I trim Ace's whiskers a little shorter because they hang in his eyes, but if he's not having any problems I say leave them.


----------



## scottbldr (Aug 29, 2009)

I just love this picture...what a cute puppy!

Bob



Ljilly28 said:


>


----------



## kaysy (Jan 9, 2010)

I have GOT to stop looking at this forum or I'm going to end up with another puppy!! He's darling.


----------



## AmbikaGR (Dec 31, 2007)

He is just too cute for words!


----------



## Tahnee GR (Aug 26, 2006)

Definitely leave the whiskers. He is just gorgeous!!


----------



## mist (Jun 23, 2007)

he has the most adorable profile


----------



## mylissyk (Feb 25, 2007)

I bet you spend all day smooshing his face and kissing his nose!


----------



## tippykayak (Oct 27, 2008)

I love the whiskers. They add to the cuteness factor, and the dogs do use them.

He is an extraordinary looking dog. I love all that stop!


----------



## Kelbys'Dad (Jan 19, 2009)

Such a distinguished looking face on that baby boy!


----------



## esSJay (Apr 13, 2009)

How beautiful!


----------



## Thor0918 (Feb 28, 2008)

Yup, yup, yup, he's a looker!


----------



## Abbydabbydo (Jan 31, 2007)

He is just darling, Jill!


----------



## KimZay (Dec 7, 2009)

How handsome is he?! What a cutie!


----------



## maggiesmommy (Feb 23, 2010)

too cute for words.


----------



## Finn's Fan (Dec 22, 2007)

Jill, leave the whiskers.
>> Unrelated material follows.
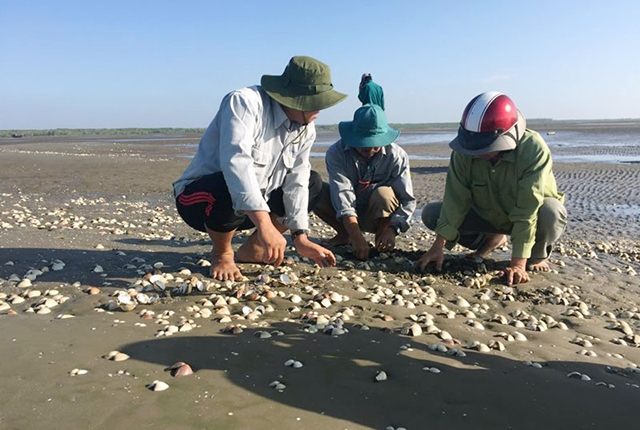 Nghêu của HTX thủy sản Rạng Đông chết la liệt do nắng nóng và hạn mặn (Internet)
If you trim them, you'll get poked as they grow in whenever you put your hands or lips on his muzzle....it'll drive you nuts! He is absolutely adorable.


----------



## LibertyME (Jan 6, 2007)

sooooo cute!!
leave his whiskers....


----------



## Ljilly28 (Jan 22, 2008)

Thanks for the whiskers advice. I am just learning to do a bit more than a lick&promise on the ears, lol.


----------



## LibertyME (Jan 6, 2007)

must admit....I love to kiss Tracers muzzle whisker free.....soooo soft! ;-)


----------



## hotel4dogs (Sep 29, 2008)

what a beautiful baby!


----------



## marieb (Mar 24, 2008)

He's absolutely gorgeous!! Great pictures too!


----------



## Jennifer (Sep 12, 2009)

He is GORGEOUS!! His fur looks sooo soft!


----------



## Ljilly28 (Jan 22, 2008)

Thanks to Ashleigh (Ash) for the lovely pup. He is the easiest, kindest boy.


----------



## Mileysmom (Feb 11, 2009)

Great shots! Still just a baby....very soft & kind face!


----------



## McSwede (Jan 30, 2007)

He looks so astute for such a young pup. His expression exudes such confidence. He's stunning, Jill!!! I'm really looking foreword to watching Copley grow up here on the Forum!

~Jackie


----------



## EvilNessCroft (Feb 17, 2009)

What a sweet face!  He looks great!


----------



## Doodle (Apr 6, 2009)

Totally gorgeous! And I'd leave the whiskers too!


----------



## 3459 (Dec 27, 2007)

He's gorgeous, Jill! I hope you are enjoying every moment with him!


----------



## Muddypaws (Apr 20, 2009)

That is a wonderful shot, he is so handsome.


----------



## sameli102 (Aug 23, 2009)

He is so incredibly adorable, and you take such great pictures!


----------



## Ljilly28 (Jan 22, 2008)

I am curious about how Copley will do in 6-9 puppy with Pam Desrosiers. We're just going to keep it fun and easy to see if he enjoys himself.


----------



## Keri Kuch (Feb 21, 2010)

What a handsome pup and such great pictures!


----------



## moverking (Feb 26, 2007)

Ljilly28 said:


>


Oooohhh, I missed these! What a lovely profile:smooch:
Sadie had the same collar and I have a matching belt:curtain:


----------



## Cathy's Gunner (Dec 4, 2008)

Gunner had long whiskers too but he grew into them. Lovely pup!


----------



## Ljilly28 (Jan 22, 2008)

A Maine photographer named Meredith Perdue has a fun time snapping a few photos of Copley, Tally&Finn for her blog.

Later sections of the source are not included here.